Georgia Regional Preview

A quick glance at Saturday’s schedule reveals that regionals have been planned even more horrifically than usual this year. There will be a point during the day at which five of the six competitions will be occurring simultaneously, mostly because they hate us and want us to miss everything. And by they, I mean the people. The people who do the things. Spread the regionals throughout the day, is all I ask. The silver lining to all of this is that Georgia’s regional begins an hour before all the others, and Georgia starts on beam. That means we can watch that entire emotional roller coaster unfold without distraction. Thank you, Georgia, for your time zone.

Competing teams (starting event)
[3] LSU (bye before bars)
[9] Georgia (beam)
[14] Oregon State (floor)
[22] Arizona (bye before floor)
[27] George Washington (bars)
[36] Michigan State (vault)

Competing individuals
NC State (Brittni Watkins – AA; Chelsea Knight – VT; Nicole Wild – BB)
Maryland (Kathy Tang – VT, FX; Abbie Epperson – UB; Macey Roberts – FX)
North Carolina (Morgan Lane – AA; Kaitlynn Hedelund – UB)
Towson (Tyra McKellar – AA; Mary Elle Arduino – BB)
William & Mary (Brittany Stover – AA)

The favorite – LSU

LSU should join Oklahoma and Florida at the same level of heavy, heavy, super favorites to advance from regionals, though the Tigers may feel a little more pressure in this one given the quality of the opposition and the scoring pedigree shown by Georgia and Oregon State, both historically and lately. This competition features the second-deepest collection of 1-2-3 seeds (behind the Michigan regional), so LSU will not be able to afford any mind-losing on beam. These other teams are too capable of taking advantage. Sans any mind-losing and fall-counting, however, LSU will slide through to nationals without forcing DD to punishment-sequin anyone.

The Tigers should have been right in the hunt for the SEC title this year but ended up a step behind Florida and Alabama entirely because of their performance on bars in the first rotation.

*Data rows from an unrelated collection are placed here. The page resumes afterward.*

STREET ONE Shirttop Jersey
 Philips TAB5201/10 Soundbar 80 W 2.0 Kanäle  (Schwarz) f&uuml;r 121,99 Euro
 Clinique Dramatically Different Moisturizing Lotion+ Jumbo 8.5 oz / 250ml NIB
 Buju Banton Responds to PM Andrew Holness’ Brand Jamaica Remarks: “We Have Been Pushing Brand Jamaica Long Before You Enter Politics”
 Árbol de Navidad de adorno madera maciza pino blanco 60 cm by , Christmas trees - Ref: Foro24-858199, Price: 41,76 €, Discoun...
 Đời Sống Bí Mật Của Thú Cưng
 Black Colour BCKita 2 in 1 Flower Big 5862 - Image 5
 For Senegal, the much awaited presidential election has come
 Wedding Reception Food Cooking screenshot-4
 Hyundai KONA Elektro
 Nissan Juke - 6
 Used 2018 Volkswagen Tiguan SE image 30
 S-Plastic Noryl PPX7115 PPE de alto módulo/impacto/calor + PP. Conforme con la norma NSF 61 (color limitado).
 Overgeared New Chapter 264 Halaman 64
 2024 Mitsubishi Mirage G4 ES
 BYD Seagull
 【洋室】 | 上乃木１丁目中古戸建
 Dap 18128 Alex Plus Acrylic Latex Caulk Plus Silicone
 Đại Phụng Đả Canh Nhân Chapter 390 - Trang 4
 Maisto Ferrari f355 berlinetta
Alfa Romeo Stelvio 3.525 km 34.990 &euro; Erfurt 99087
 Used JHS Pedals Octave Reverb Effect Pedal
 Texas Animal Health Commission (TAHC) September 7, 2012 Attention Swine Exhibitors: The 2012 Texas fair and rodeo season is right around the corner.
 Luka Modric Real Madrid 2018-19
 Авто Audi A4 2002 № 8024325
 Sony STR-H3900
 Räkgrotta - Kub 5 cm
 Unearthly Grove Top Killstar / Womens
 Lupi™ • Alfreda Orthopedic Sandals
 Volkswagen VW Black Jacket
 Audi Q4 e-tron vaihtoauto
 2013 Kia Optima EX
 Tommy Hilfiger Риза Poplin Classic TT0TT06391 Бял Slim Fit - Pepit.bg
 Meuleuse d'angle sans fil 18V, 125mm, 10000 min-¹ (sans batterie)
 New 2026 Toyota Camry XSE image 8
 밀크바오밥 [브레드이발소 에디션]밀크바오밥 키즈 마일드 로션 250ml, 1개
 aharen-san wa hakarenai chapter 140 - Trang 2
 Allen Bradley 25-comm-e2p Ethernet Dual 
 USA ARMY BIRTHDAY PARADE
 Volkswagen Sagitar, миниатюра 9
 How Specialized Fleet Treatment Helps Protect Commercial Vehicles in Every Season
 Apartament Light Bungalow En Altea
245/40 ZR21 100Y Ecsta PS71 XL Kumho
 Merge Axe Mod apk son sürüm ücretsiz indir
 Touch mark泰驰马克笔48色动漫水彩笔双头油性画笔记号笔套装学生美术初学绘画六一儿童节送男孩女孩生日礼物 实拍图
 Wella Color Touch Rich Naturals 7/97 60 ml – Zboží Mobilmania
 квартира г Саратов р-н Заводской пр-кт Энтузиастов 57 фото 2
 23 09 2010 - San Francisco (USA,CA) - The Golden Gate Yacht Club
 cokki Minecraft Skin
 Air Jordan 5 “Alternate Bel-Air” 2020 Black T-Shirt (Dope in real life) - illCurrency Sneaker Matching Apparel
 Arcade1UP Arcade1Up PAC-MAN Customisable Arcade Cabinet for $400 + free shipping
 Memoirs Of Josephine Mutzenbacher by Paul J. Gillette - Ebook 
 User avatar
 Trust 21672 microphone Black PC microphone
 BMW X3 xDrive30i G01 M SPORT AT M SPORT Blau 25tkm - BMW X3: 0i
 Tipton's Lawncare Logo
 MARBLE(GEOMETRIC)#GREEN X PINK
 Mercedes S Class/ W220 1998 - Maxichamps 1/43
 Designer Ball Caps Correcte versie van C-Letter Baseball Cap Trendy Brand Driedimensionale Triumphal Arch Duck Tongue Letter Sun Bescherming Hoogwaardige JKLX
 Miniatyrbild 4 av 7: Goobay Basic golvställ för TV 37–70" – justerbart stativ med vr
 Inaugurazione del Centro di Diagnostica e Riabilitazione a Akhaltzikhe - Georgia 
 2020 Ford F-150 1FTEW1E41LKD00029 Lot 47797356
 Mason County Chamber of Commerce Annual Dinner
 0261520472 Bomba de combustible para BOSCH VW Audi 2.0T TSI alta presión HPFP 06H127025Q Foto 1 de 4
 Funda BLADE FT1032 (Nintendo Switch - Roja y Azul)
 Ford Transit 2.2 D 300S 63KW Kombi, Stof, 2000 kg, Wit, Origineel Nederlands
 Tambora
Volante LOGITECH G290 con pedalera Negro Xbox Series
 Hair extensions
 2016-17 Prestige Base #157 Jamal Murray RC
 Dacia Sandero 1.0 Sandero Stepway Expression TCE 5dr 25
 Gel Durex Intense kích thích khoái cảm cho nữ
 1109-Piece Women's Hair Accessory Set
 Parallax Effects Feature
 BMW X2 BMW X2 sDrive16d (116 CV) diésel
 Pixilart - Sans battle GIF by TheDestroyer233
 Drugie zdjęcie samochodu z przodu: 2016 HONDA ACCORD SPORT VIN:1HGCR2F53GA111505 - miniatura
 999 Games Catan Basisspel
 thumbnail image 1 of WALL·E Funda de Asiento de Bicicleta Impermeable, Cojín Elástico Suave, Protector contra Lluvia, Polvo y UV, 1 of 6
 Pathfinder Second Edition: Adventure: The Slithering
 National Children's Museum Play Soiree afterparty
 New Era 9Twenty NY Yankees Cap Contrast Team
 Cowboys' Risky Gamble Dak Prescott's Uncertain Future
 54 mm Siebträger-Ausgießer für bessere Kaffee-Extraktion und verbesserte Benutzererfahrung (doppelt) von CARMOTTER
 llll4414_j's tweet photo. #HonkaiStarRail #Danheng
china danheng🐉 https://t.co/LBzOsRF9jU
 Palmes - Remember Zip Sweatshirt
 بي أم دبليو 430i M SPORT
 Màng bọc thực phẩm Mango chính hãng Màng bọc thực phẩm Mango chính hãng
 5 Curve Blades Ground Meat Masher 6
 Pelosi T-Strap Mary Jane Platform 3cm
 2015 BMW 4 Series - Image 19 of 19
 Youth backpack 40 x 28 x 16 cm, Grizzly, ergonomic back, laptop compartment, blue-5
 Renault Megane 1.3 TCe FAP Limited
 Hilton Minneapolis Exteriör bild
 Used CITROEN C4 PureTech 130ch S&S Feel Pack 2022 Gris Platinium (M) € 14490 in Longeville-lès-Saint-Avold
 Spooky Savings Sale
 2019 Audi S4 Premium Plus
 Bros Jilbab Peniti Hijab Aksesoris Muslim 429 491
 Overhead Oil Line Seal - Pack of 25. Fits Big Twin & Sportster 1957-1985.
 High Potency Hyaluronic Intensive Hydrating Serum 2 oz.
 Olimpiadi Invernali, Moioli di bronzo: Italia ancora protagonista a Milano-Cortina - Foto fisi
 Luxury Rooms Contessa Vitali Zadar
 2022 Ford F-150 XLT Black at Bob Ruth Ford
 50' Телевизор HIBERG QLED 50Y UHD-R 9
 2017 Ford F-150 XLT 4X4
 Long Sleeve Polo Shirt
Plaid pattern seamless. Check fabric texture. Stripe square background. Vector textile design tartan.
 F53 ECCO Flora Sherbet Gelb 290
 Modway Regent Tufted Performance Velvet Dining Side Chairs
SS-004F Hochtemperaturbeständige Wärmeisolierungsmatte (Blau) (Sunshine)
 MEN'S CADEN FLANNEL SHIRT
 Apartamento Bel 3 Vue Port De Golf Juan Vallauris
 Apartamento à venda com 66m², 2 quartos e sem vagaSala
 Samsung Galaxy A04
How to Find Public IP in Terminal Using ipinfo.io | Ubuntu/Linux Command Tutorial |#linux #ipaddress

In fact, if you take the scores from just vault, beam, and floor, LSU wins the competition. Lucky, lucky LSU, they’ll be starting on bars at regionals. You’re welcome. This LSU bars lineup should be quite strong, but as we saw at SECs, it has emerged as the team’s weak event and is still too reliant on Finnegan saving Earth through the medium of toe point for a 9.950. Wyrick hasn’t shown a great deal consistency since returning, Zamardi can often dismount herself down to 9.850, and Priessman has a couple built-in errors on the pak and a DLO that can look troublingly Shades of Shayla sometimes. All of them could score quite well, but they’re walking a fine line between greatness and getting stuck in the 9.800s, as happened at SECs. As we learned, that’s not going to cut it when trying to beat Florida.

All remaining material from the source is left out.